Please give the lines below again exactly as they stand, from the one that contains "TOYOTA NOAH TSS  full" up to and including the one that contains "1220 Coast Village Road 303", leaving all pictures out.
[Data for the task Boundary: Start]
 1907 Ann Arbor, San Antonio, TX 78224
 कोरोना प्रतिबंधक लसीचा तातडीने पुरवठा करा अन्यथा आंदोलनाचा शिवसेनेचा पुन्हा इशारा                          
[Data for the task Boundary: End]
[Data for the task Boundary: Start]
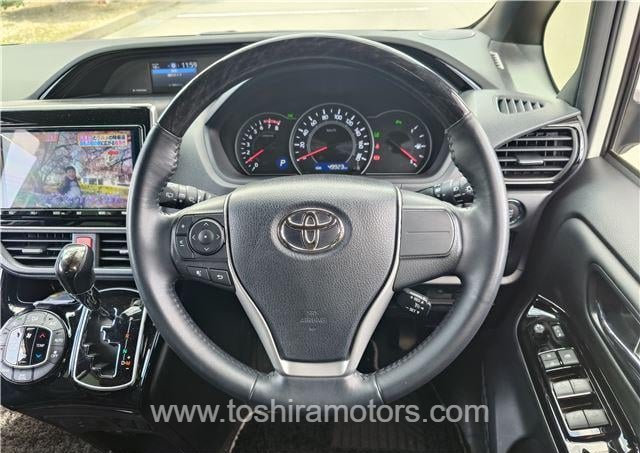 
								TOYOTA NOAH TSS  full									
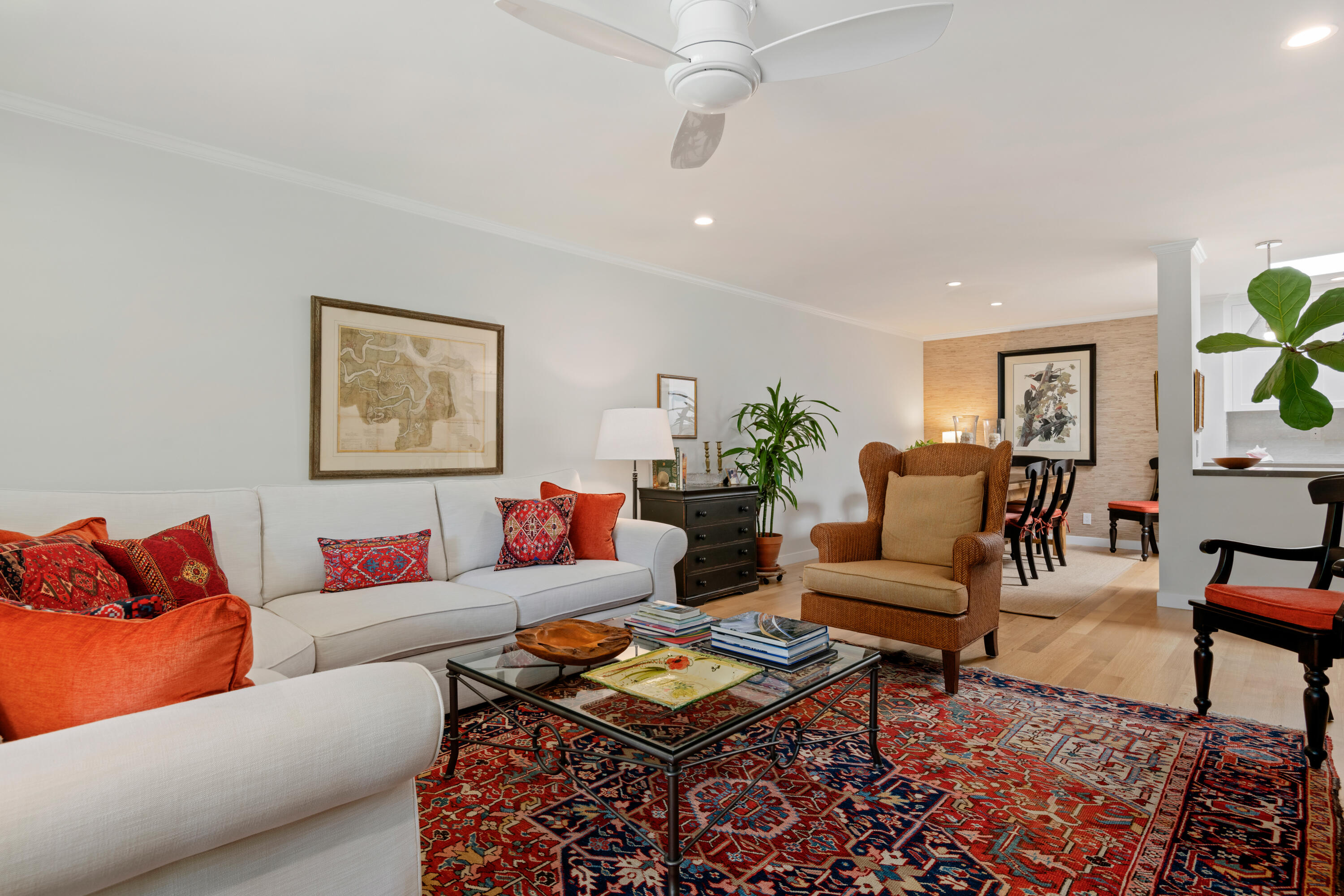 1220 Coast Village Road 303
[Data for the task Boundary: End]
• Answer section
								TOYOTA NOAH TSS  full									
 1220 Coast Village Road 303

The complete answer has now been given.